INTERVIEW - Depuis dimanche, un décret fixe l'heure limite d'ouverture des boîtes de nuit à 7 heures du matin partout en France, et interdit la vente d'alcool à partir de 5h30. Didier Chenet, président du Syndicat national des hôtels, restaurants, cafés et traiteurs, explique à 20minutes.fr en quoi cette mesure est bénéfique...
Ce décret va-t-il vraiment améliorer la lutte contre l'insécurité routière?
Oui, je le pense vraiment. La
même heure de fermeture pour l’ensemble des établissements de nuit en France va permettre d’éviter le nomadisme nocturne, quand les clients prennent leur voiture pour aller d'un département à l'autre dans une course à l’établissement qui ferme le plus tard.
La fermeture à 7 heures du matin permet de fluidifier les départs, de repartir au lever du jour et non plus en pleine nuit, donc de limiter les risques sur la route. Et, à cette heure-là, les clients pourront utiliser les transports en commun dans les grandes agglomérations pour un retour plus sécurisé à leur domicile.
C’est aussi une mesure bénéfique pour vous en termes d’image…
Oui, car elle montre que nous, professionnels du secteur, participons activement à la lutte contre l’alcoolisme au volant. Nous en avons assez d’être stigmatisés, alors que seuls 12% des ventes totales d’alcool se font dans les établissements de nuit. Et, en marge de ce décret, nous proposons aux adhérents de
notre syndicat de distribuer gratuitement à la sortie de leur établissement des alcootests.
En une heure, l’organisme n’assimile que 0,1 gramme d’alcool. Une heure et demie, ce n’est pas assez pour assimiler tout l’alcool de la soirée.

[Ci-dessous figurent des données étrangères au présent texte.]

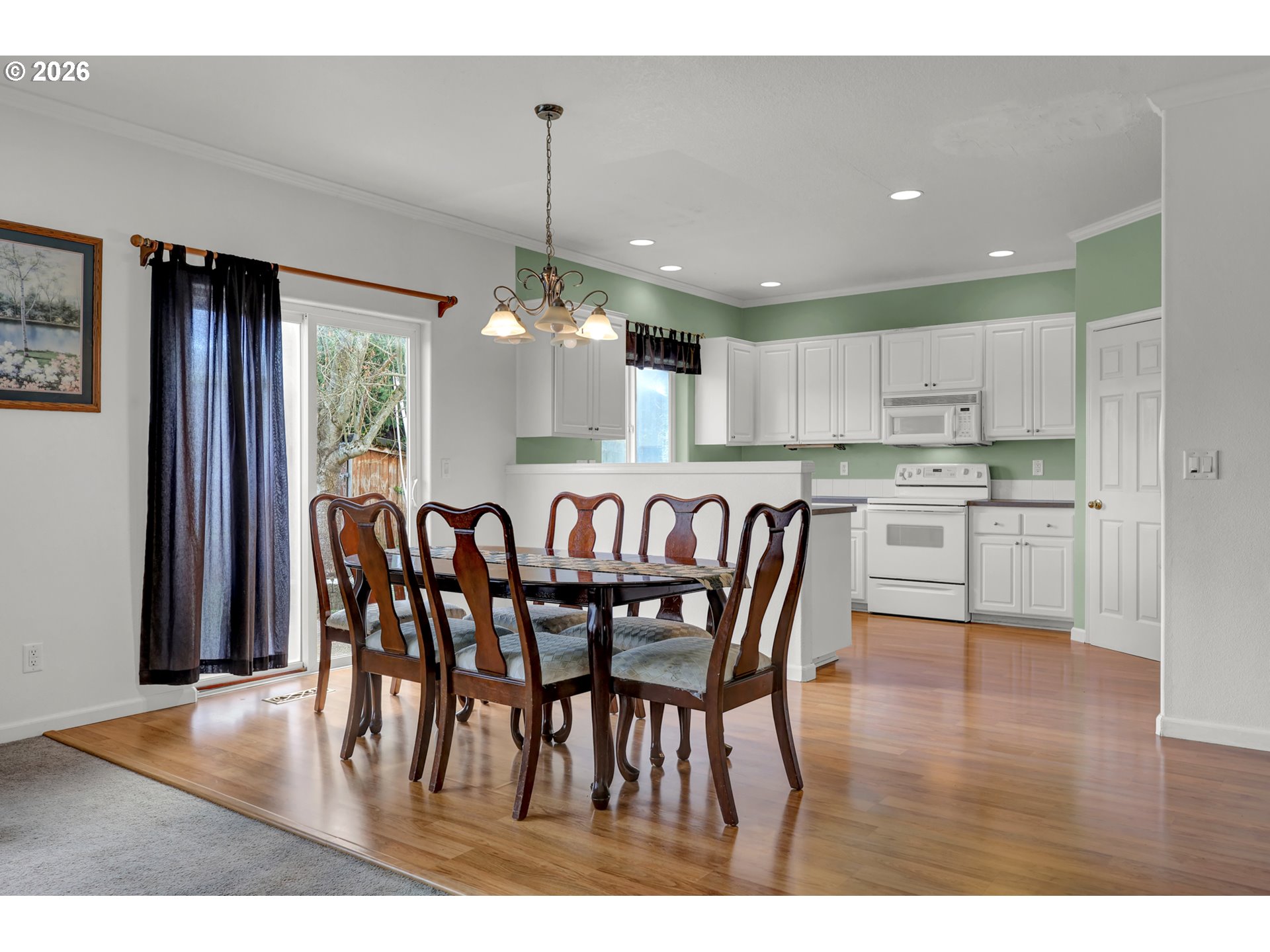 3886 Aerial Way Eugene, OR 97402 - Photo 12 of 45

Non, mais tous nos clients ne sortent pas de nos établissements avec un degré d’alcoolémie poussé. Cette heure et demie «blanche» va aussi permettre aux gens de se restaurer, de se reposer. On va éviter l'endormissement au volant.
Vous parlez de restauration. Cette mesure est donc aussi un gain financier pour les boîtes de nuit?

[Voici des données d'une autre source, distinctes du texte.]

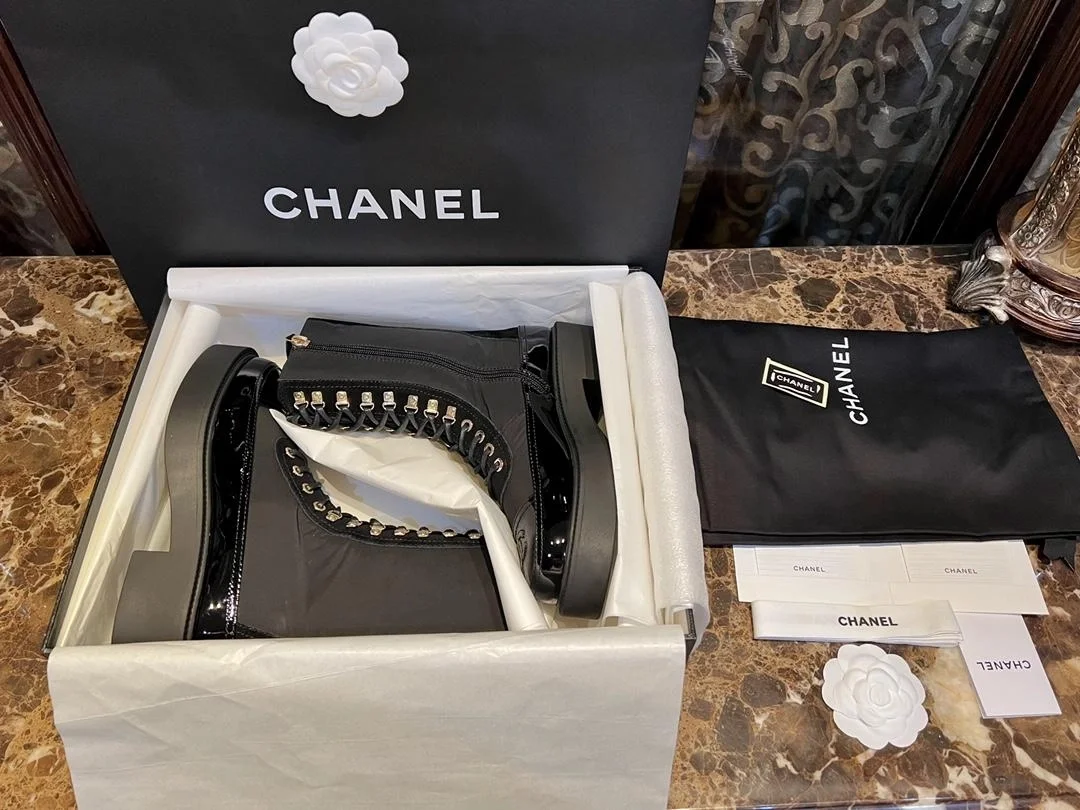 샤넬 레이스업 나일론 스웨이드 페이턴트 카프스킨 부츠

Bien sûr. Cette mesure va également permettre de redynamiser le secteur, en crise depuis environ 5 ans. Entre 5h30 et 7h, nous servirons toutes les boissons, hors alcool, peut-être aussi des viennoiseries, ce qui va permettre de fixer la clientèle dans nos établissements plutôt que de la voir partir ailleurs pour un «after».